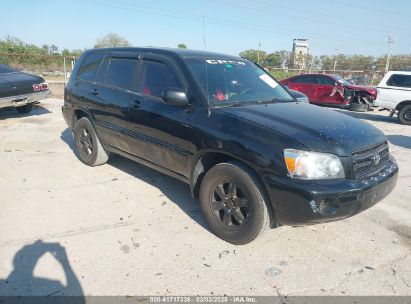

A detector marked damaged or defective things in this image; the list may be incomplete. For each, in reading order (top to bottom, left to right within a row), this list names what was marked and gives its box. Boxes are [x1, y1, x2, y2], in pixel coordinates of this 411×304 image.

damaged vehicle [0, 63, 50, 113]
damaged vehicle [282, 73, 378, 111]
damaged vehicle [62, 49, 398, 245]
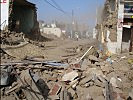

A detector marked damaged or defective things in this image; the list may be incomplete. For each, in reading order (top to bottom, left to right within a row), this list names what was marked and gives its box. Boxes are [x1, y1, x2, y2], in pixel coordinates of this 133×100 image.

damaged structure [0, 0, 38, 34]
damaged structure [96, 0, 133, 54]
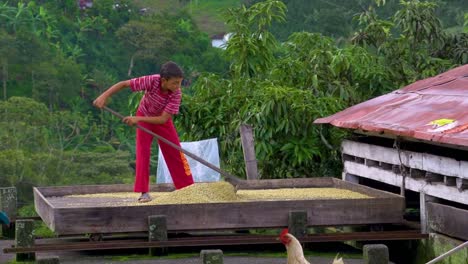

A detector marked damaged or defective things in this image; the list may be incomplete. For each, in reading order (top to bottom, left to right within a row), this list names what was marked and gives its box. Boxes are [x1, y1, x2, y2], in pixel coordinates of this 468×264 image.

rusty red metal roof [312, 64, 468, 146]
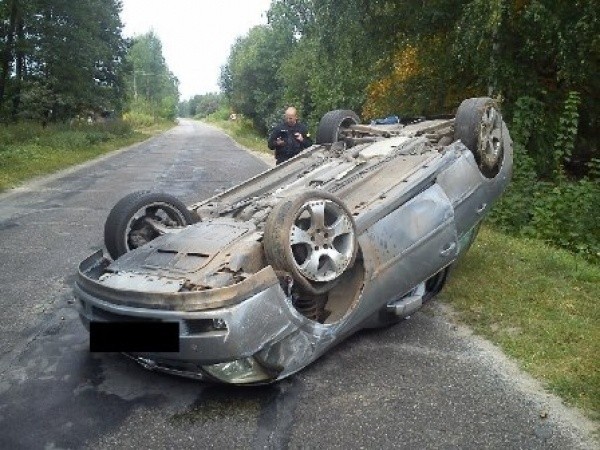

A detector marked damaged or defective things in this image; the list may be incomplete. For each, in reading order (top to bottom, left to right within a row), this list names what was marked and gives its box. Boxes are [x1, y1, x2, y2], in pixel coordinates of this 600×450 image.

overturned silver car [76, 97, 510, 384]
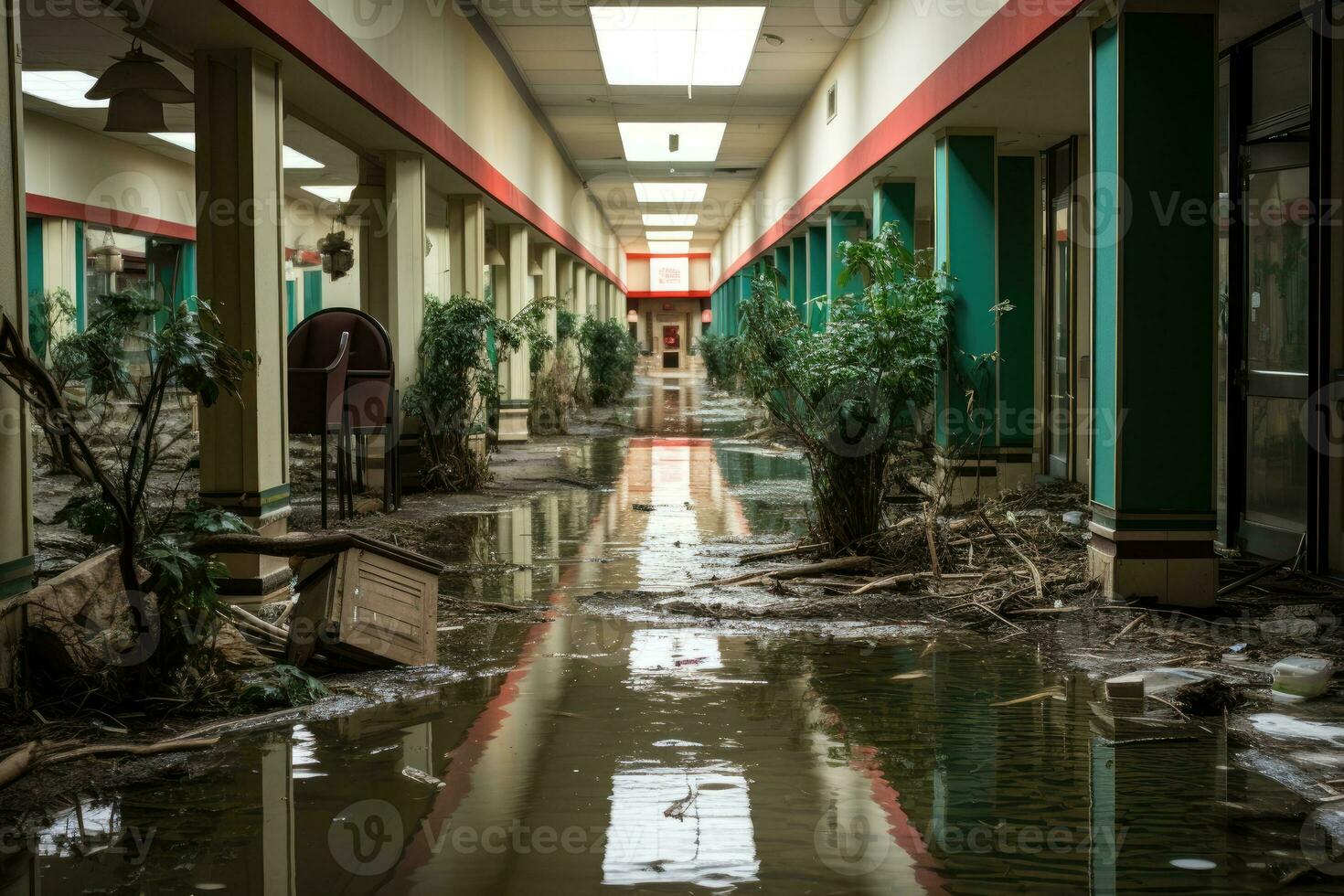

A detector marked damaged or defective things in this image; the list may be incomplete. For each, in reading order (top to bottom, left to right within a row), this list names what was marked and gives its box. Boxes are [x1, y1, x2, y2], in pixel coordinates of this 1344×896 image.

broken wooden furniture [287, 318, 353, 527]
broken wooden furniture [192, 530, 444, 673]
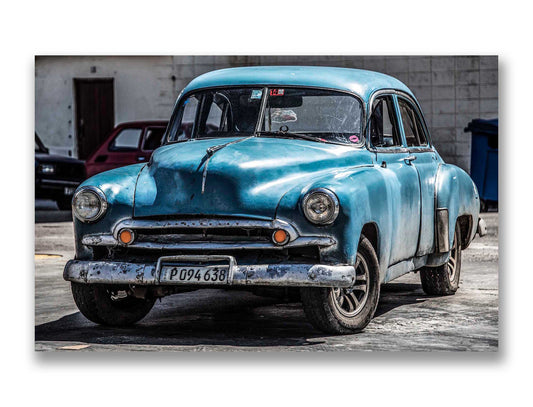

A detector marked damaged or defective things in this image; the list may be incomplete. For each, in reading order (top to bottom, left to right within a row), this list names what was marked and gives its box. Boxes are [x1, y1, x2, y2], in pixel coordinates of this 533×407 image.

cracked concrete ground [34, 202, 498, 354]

__Problem statement__:
Would you return the whole listing exactly, without the pictures?

__Your response__:
A detector marked damaged or defective things in this image; the list may be incomplete. For each, in reading order (top to bottom, left to right within a row), this list names what was marked and gives its box. Boxes are [x1, y1, x2, y2], in pixel coordinates of this 411×304 image.

damaged vehicle [0, 63, 50, 113]
damaged vehicle [282, 73, 378, 111]
damaged vehicle [62, 49, 398, 245]

A detector marked damaged or defective things in this image; the list may be incomplete. For each, in reading order (top to bottom, left to right within a row), this list names what was marked and gives its box. Boxes are [x1, y1, x2, y2], in pixel coordinates of this 133×100 image.

damaged structure [0, 0, 38, 34]
damaged structure [96, 0, 133, 54]

A detector marked damaged or defective things in this image; the list may be incomplete. For each, in reading order (top to bottom, left to right within a row), this list names what was marked and gives its box. Boxes are [x1, y1, x2, y2], in pixel coordinates of this 468×264 image.

rusty red metal roof [312, 64, 468, 146]

A detector marked damaged or defective things in this image; the list may be incomplete. For each, in reading order (top to bottom, left to right within a row), this list names what was marked and gives its box. Boxes are [x1, y1, x2, y2], in pixel coordinates of this 600×450 image.

overturned silver car [76, 97, 510, 384]

A detector marked damaged or defective things in this image; the list may be incomplete. For each, in reading order (top to bottom, left to right within a row), this list names what was marked and gives its box. Boxes are [x1, y1, x2, y2], in pixel coordinates of this 1344×896 image.

broken wooden furniture [287, 318, 353, 527]
broken wooden furniture [192, 530, 444, 673]

A detector marked damaged or defective things in this image; the list may be incomplete. For each, in reading order (top to bottom, left to right within a row), this list names what was marked and gives its box. Boxes are [x1, y1, x2, y2], in pixel coordinates of this 533×407 image.

cracked concrete ground [34, 202, 498, 354]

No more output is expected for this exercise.